Bourtzi is located at the entrance of the port of Nafplion, almost 450m far from the jetty and constitutes the city’s trademark. It is a Venetian tower complex that takes up nearly the entire little island. It was built in 1473 based on designs of the Italian architect Gambello. The fortification works continued during the second Venetian rule by Morozoni but also during the Turkish occupation. Venetians called it “Kasteli” and the port “Porto Cadena”, while the chieftains of the War of Independence in 1821 named it “Thalassopirgos” (Sea-tower). A chain connecting the island to the point of Acronafplia helped the Venetians crash the enemies’ ships. In 1822 the Greeks occupied it and fired the cannons against Nafplion that was under Turkish occupation. In 1826 the central office of the Greek government settled here and from 1865 Bourtzi hosted the executioners from Palamidi. During the 20th century this historic monument was used as center of the Greek National Tourism Organization and as a hotel. Today, various musical events take place in this archeological site.
At the entrance of the port of Nafplion, almost 450 m away from the jetty in the middle of the sea, on the island of St. Theodore, where the homonymous Byzantine temple used to be, is dominating Bourtzi, a fortress-trademark for Anapli.
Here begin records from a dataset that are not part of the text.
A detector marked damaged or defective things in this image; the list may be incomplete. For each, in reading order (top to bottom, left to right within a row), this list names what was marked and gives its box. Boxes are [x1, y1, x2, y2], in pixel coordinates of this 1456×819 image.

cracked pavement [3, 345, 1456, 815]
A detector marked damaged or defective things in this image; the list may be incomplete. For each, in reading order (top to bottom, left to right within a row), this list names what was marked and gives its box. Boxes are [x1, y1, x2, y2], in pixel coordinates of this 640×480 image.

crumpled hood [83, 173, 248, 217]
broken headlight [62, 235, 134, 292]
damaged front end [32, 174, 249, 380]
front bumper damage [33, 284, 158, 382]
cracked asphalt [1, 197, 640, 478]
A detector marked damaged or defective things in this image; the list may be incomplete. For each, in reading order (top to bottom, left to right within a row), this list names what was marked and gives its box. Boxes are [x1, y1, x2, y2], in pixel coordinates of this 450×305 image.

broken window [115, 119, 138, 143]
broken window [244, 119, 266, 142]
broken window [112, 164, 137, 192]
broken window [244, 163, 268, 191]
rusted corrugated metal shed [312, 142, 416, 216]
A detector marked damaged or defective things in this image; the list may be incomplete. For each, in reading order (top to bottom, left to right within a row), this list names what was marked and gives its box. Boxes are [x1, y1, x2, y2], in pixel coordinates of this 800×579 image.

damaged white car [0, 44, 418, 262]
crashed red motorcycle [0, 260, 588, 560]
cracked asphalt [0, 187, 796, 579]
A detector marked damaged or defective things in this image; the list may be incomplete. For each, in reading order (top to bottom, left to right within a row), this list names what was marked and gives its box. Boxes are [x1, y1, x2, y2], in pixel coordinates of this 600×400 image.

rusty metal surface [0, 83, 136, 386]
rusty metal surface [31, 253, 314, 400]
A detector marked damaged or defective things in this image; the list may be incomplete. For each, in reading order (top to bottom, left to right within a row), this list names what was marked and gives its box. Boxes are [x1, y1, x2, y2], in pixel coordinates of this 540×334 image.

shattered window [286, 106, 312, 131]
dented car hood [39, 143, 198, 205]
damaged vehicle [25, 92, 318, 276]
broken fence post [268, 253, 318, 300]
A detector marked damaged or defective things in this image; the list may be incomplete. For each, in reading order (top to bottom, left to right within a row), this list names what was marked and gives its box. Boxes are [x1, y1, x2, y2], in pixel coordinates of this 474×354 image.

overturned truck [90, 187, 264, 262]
Bourtzi in the Turkish-Arabian dialect means island-fortress. The small fortress was built in 1473 by the Venetians, who in their attempt to face the pirate raids took advantage of the strategically-placed island and constructed a tower with cannons. It was designed by the Italian architect Antonio Gambello, but the fortification works continued even during the second Venetian rule, after Morozinis’ occupation (1686) and so the castle was formed as we know it today. The Turks also put their special taste on the fortress, as they surrounded it with the famous “porporela”, an underwater stone barrier that made the approach impossible, especially for bigger ships.
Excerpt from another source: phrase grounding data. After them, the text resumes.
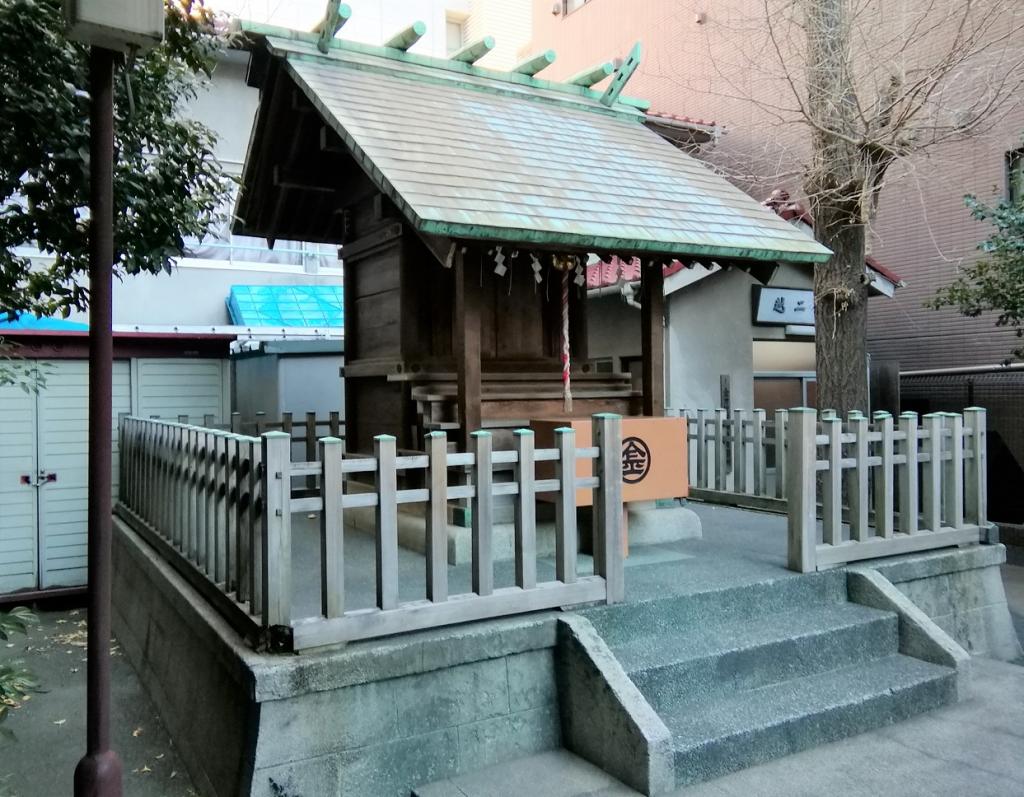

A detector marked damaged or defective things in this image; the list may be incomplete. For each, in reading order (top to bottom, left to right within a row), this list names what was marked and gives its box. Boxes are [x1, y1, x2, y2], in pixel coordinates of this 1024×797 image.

rusty pole base [72, 749, 122, 794] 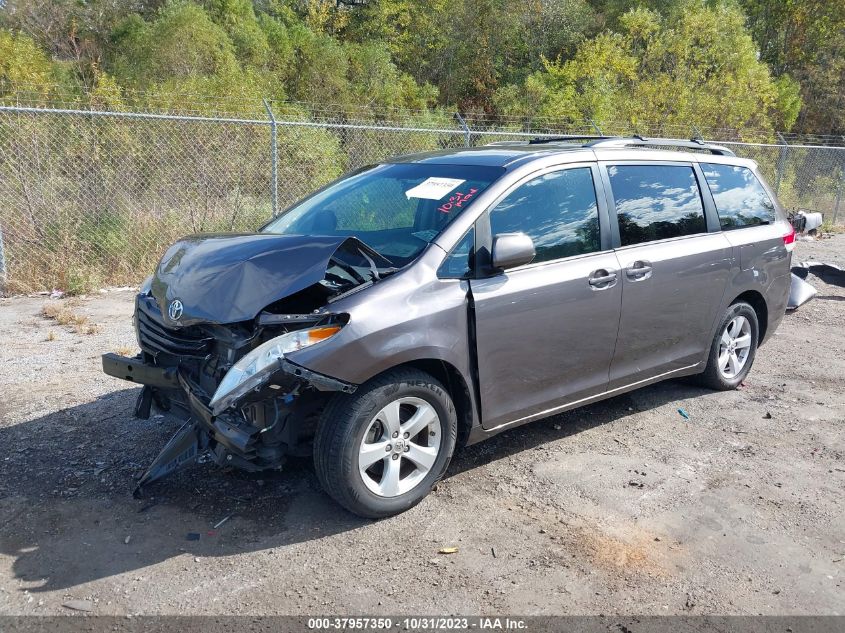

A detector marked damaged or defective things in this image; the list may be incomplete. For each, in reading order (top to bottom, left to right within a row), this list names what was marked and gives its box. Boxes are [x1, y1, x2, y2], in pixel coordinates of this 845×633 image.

crushed hood [151, 233, 366, 326]
broken headlight [209, 324, 342, 412]
damaged toyota sienna [102, 136, 796, 516] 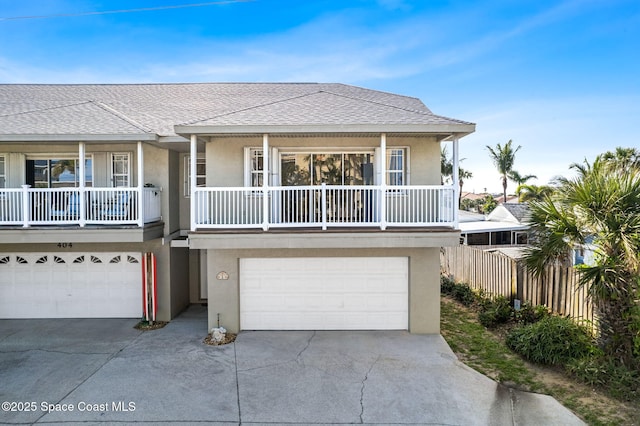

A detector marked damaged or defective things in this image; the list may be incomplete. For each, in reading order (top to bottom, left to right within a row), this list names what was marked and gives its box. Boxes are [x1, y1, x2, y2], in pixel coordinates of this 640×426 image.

driveway crack [360, 352, 380, 422] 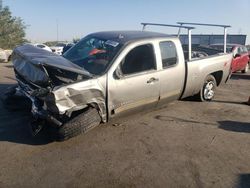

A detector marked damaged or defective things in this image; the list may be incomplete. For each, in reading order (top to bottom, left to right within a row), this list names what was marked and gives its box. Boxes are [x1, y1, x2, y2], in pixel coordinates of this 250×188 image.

crumpled hood [11, 44, 92, 86]
damaged front end [11, 44, 105, 135] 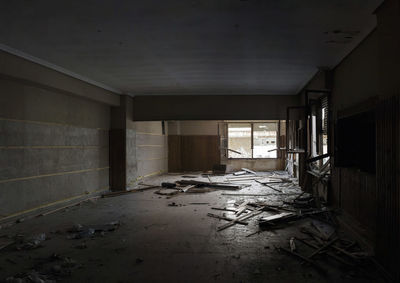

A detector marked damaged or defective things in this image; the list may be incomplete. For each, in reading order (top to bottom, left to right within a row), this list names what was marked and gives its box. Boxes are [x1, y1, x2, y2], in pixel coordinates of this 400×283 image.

broken window [228, 122, 278, 160] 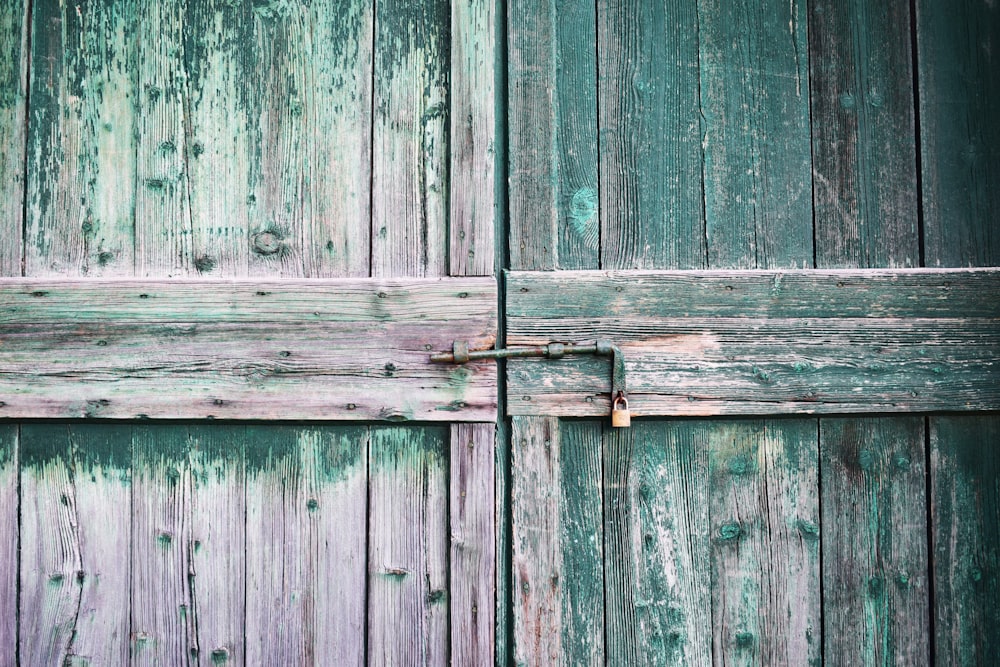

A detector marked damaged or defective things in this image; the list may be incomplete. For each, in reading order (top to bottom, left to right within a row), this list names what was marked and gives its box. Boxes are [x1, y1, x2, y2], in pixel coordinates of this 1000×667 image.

rusted metal bracket [432, 340, 632, 428]
rusty padlock [608, 392, 632, 428]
The fortress is built according to the shape of the island. In the middle rises a tall tower in the shape of an irregular hexagon and it has lower semicircular towers for the cannons on the east and west side. The internal space is three stories tall, and there are portable stairs, joining the floors. On the northeast side of the island there is a small bay, to ease a safer access.
Different names have been given to Bourtzi through the years by the various conquerors. First the Venetians named Bourtzi “Castello dello Soglio” (in Greek: “Kasteli”) and the port “Porto Cadena”(meaning port chain), because of the movable chain that joined Bourtzi and the point of Acronafplia, the current area “Pente Aderfia”, and was used to prevent the entrance to the port. Every time an enemy ship approached the port, the Venetians pulled the chain and cut the ship in half.
This fortress played a very important role during the War of Independence (1821). “Thalassopirgos”, meaning sea-tower, was the name the warriors gave to the castle and it was occupied in 1822 by the Greeks after two sieges. They remained locked in there firing against the two castles occupied by the Turks, Palamidi and Acronafplia. Bourtzi constituted also the shelter for the Greek government a few years later, in 1826 during the civil conflict.
This historic monument worked as a fortress till 1865. Then, by order of King George the First, it was used to host the executioners from Palamidi’s prison. During the 1930’s Bourtzi constituted the center of the Greek National Tourism Organization and later operated as a luxurious hotel.
Today, it is one of city’s common attractions. The little boats moored at the port carry out routes every day, transferring visitors to admire this magnificent archeological site all day long. The view of Nafplion is captivating. Every summer musical performances take place, under the moonlight, drifting the visitor to the deep blue sea of the Argolic Gulf and the city’s long history.